▶ _Data block_:
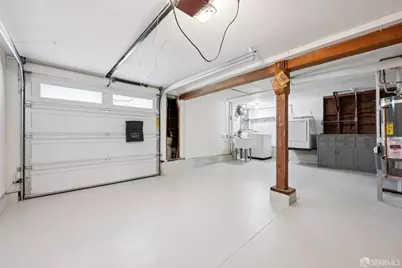 242 Thiers Street, Daly City, CA 94014 - Photo 37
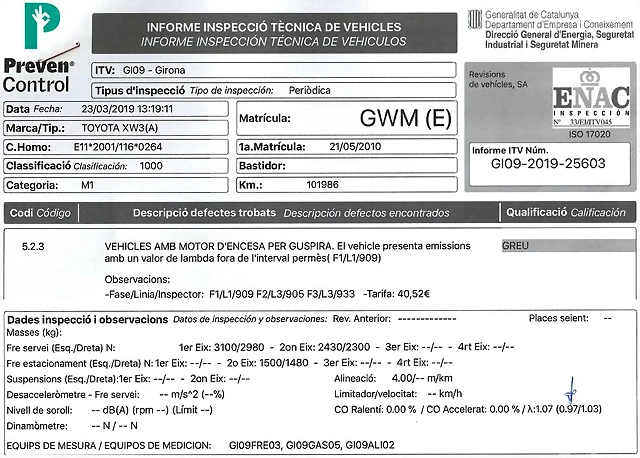 ITV - Prius 3G 230319 - modif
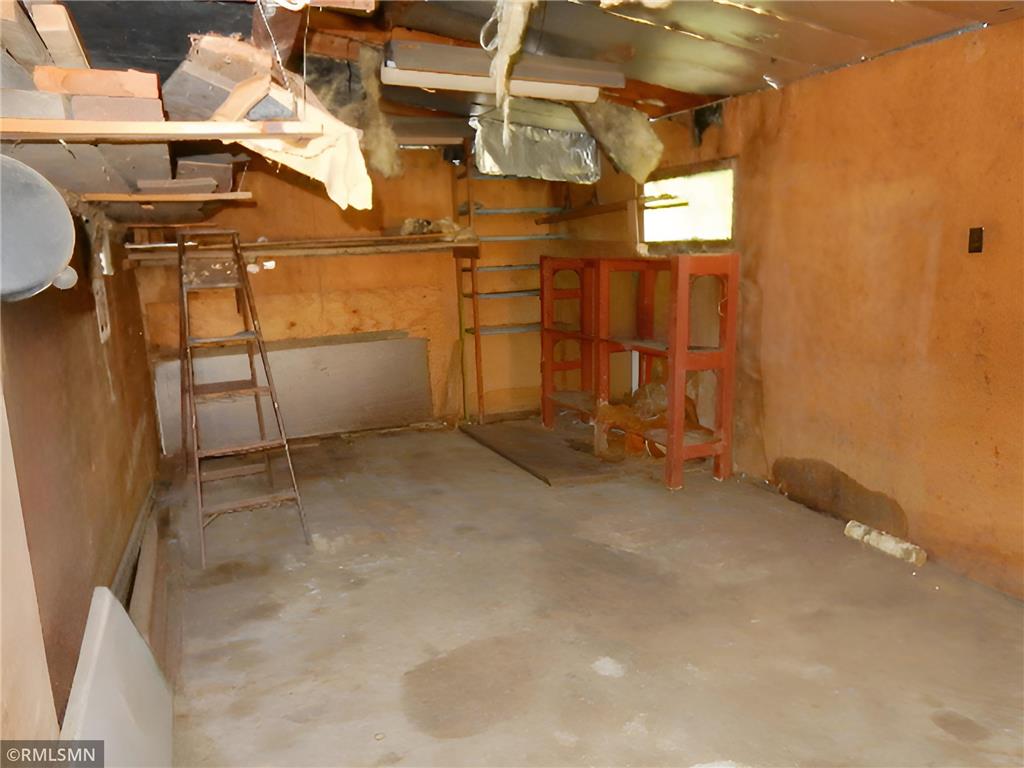 1401 12th Avenue Newport MN 55055 7110556 image25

▶ _Work to complete_: Reproduce the whole listing verbatim. Pictures stay out of the copy.

▶ _Answer box_:
 242 Thiers Street, Daly City, CA 94014 - Photo 37
 ITV - Prius 3G 230319 - modif
 1401 12th Avenue Newport MN 55055 7110556 image25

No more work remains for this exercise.